Late Friday afternoons are traditionally the time that politicians, businesses, celebrities, etc, release bad news to the public in the hope that they won’t see it. Season 1, episode 13, of The West Wing calls this “Take Out The Trash Day”, and with that in mind I give you the first instalment of a new semi-regular feature on the Blog: Throwin’ Out The Trash.
Each week, there are so many fucked up stories and newsy bits and pieces that cross my path in this 24/7 media blitzkrieg that we’re living in, and I simply do not have the time or inclination to write a full-on commentary piece about all of them. Throwin’ Out The Trash is my chance each week to clear the decks of all these niggling odds and sods without ignoring them completely…
So, multi-millionaire pop mogul, Simon Cowell, has decided to release a charity pop single of REM's classic song, "Everybody Hurts", in order to raise some much needed funds to help the devastated victims of the January 12th Haitian earthquake. A nice idea, and a lot of people are out there doing what they can to raise money to help with this terrible tragedy. But when the guy proposing the charity single has a personal fortune of £120m – and just signed a brand new £100m deal to bring his television show, X-Factor, to the United States on the very day that Haiti suffered the earthquake – you have to wonder why he isn’t just putting a hand into his own pocket to help out the aid effort instead of making us, the not-so-wealthy British public, do it for him?

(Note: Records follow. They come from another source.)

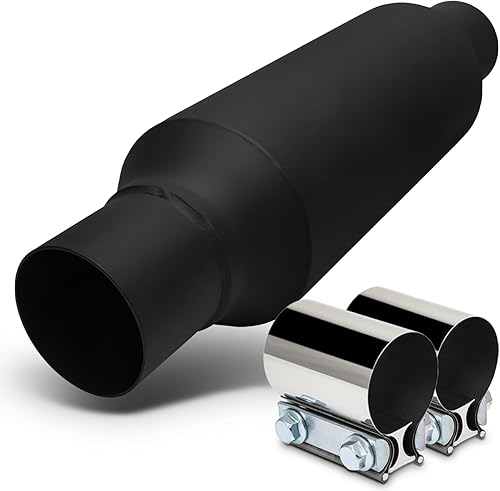 M-AUTO Silenciador universal de entrada y salida de 2.5 pulgadas, accesorios de acero inoxidable resistentes para automóviles y camionetas, longitud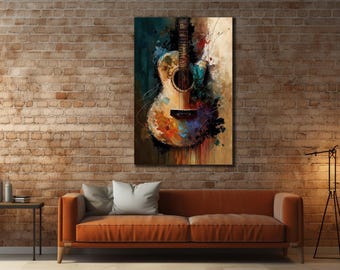 May include: Abstract painting of a guitar with splashes of blue, green, yellow, and orange paint. The guitar is the focal point of the painting and is surrounded by a colorful background.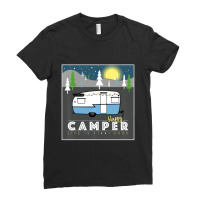 Retro Vintage Shasta Decor Camping Gift Happy Camper Ladies Fitted T-shirt | Artistshot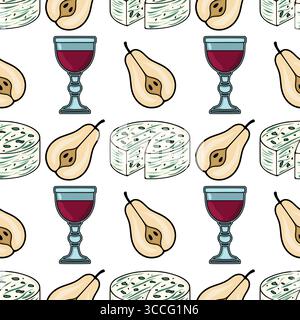 Seamless vector pattern featuring hand-drawn illustrations of gorgonzola cheese, ripe pears, and glasses of red wine, creating a sophisticated and app Stock Vector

To put this into perspective, whilst Cowell could personally afford to give several million pounds to the Haitian aid effort if he wanted to without the British public spending a single penny, Peter Kay’s 2009 charity single for Children in Need, released last November, raised only £170,000. Cowell’s own recent charity efforts have done a little better, with last year’s X-Factor single for Great Ormond Street raising at least £200,000 in its first week, and the 2008 single raising over £1m for Help for Heroes and the Royal British Legion. But the fact remains that Cowell himself could personally contribute the amount of money earned by all three of those charity singles to Haiti combined, plus an extra million, and still have a very comfortable £117m to live off without the generous British public having to give a thing.

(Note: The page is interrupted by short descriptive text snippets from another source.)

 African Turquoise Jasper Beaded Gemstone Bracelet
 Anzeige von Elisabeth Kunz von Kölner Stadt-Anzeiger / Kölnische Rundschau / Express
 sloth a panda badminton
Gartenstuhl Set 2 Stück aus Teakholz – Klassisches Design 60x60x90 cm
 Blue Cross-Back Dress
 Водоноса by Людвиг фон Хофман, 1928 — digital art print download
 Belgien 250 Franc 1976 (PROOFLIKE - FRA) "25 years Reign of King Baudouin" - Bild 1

If anyone out there reading this still thinks that free-market capitalism is a great idea, maybe they can explain to me why I should support an economic mentality that sees stock-prices drop and Wall Street panic when the President finally says that he’s going to do something about the dangerous financial de-regulation that so recently brought the world economy to its knees?
For the majority of Americans, and people all around the world, the last year and a bit has been a hellacious time of recession and unemployment. Life has become a struggle, work has become scarce, homes have been taken away and dreams have been shattered. All of this misery and turmoil – every single bit of it – was down to the rapacious greed of an unregulated financial industry who sucked the economy dry and then had the temerity to ask us to bail them out or die.

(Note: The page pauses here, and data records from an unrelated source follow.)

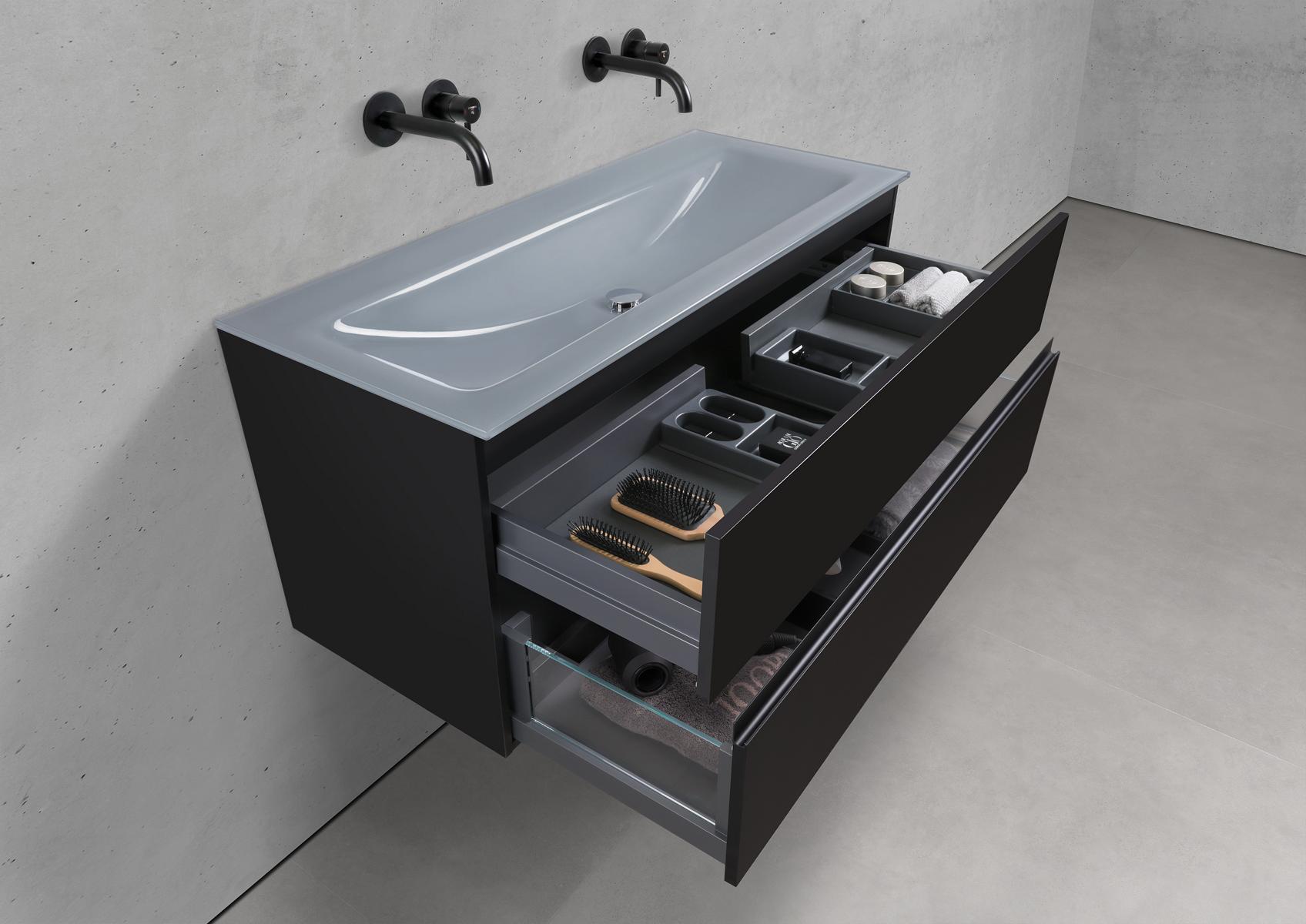 Badmöbel Set Saphir 120 cm Doppelwaschtisch & Unterschrank in Schwarz Matt Lack mit Aluminium-Griffleiste schwarz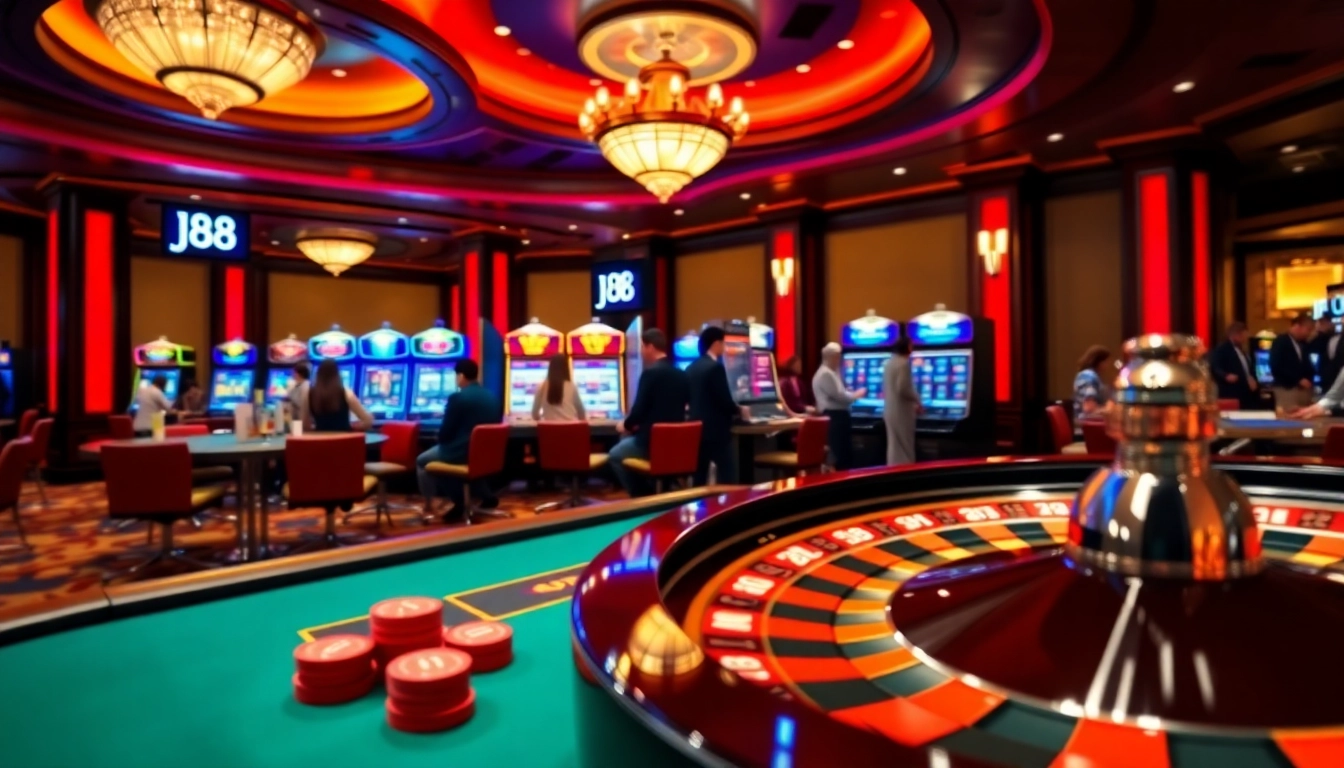 Experience thrilling games at j88 casino with lively poker tables and exciting slot machines.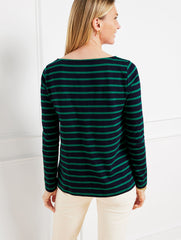 INDIGO/HIGHLAND GRN EMBROIDERED BATEAU NECK TEE - COCKTAIL | Talbots on sale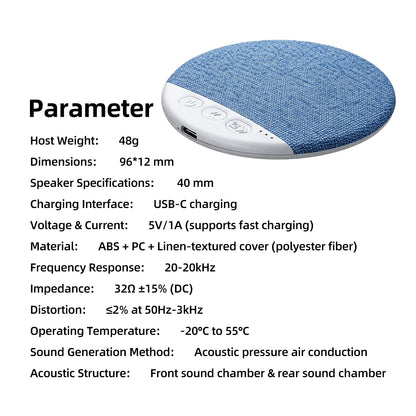 Głośnik poduszkowy Bluetooth 5.4, ultracienki, bezprzewodowy odtwarzacz audio z ładowaniem USB-C i dźwiękiem Hi-Fi, do medytacji, jogi i wspomagania snu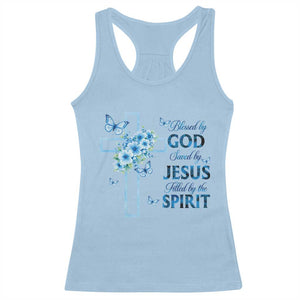 Christian Jesus Racerback Tank Top Blessed By God Saved By Jesus Blue Floral Cross Butterfly Art TS10 Light Blue Print Your Wear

This wealthy minority of money-obsessed gamblers and con-men (or “motherfuckers”, if you want the correct term) essentially gang-raped the world’s economy for their own material gain and sent the globe into a depression-risking downspin and yet, yesterday, when the President finally announced his plans – at long last; a dollar short and a year too late – to place some much needed restrictions on the out of control banking industry, they responded by sending a petulant and unrepentant message to the Whitehouse that, if he dare tell them to curb and regulate their greed, there would once again be hell to pay.
The worse thing is, the media actually reported this bullshit tantrum as news. A bunch of out of control wealth-addicts get told they’re going to have some restrictions placed over their previously unfettered playground of destruction and they throw their toys out of the pram in protest? Good. It’s time these fat-cat motherfuckers felt some of the same ramifications from what they’ve done as the rest of us, instead of thinking that cutting their bonuses down to a measly $498,000 per person counts as suffering!
David Cameron today cynically used the recent case of two school-aged brothers from Edlington violently torturing a nine year old and eleven year old boy as proof that Britain under Labour has fallen into “social recession”. The case was horrific – the work of two very disturbed young sadists who left their victims for dead after 90 minutes of reprehensible cruelty – but the argument that this anomalous case of horror is a sign of the times under Labour must be dismissed as spurious when we remember that the equally horrific Jamie Bulger case (in which a much younger boy – a two year old – was actually murdered by his equally sadistic young attackers) happened in 1993, under a Tory government in its fourteenth year of power.
If anything, under Labour, society has gotten better by Cameron’s preposterous argument, because the Edlington victims survived whereas Jamie Bulger did not.
The use of this meaningless and emotively charged example is hollow opportunism at its most base and ridiculous, and it is a travesty of the highest proportions that the ghastly ordeal of two unfortunate children is being exploited like this by a man who thinks himself suitable to be our next leader.
Finally, if you didn’t think that corporations ruled the world already, well…they will do pretty soon. The US Supreme Court, this week, made a landmark ruling to remove the limits corporations previously faced on how much they could spend to elect and defeat candidates running in US elections. That’s right – multi-billion dollar corporations can now pay whatever they want to the campaigns of the candidate of their choice to ensure that the “right” guy gets into office.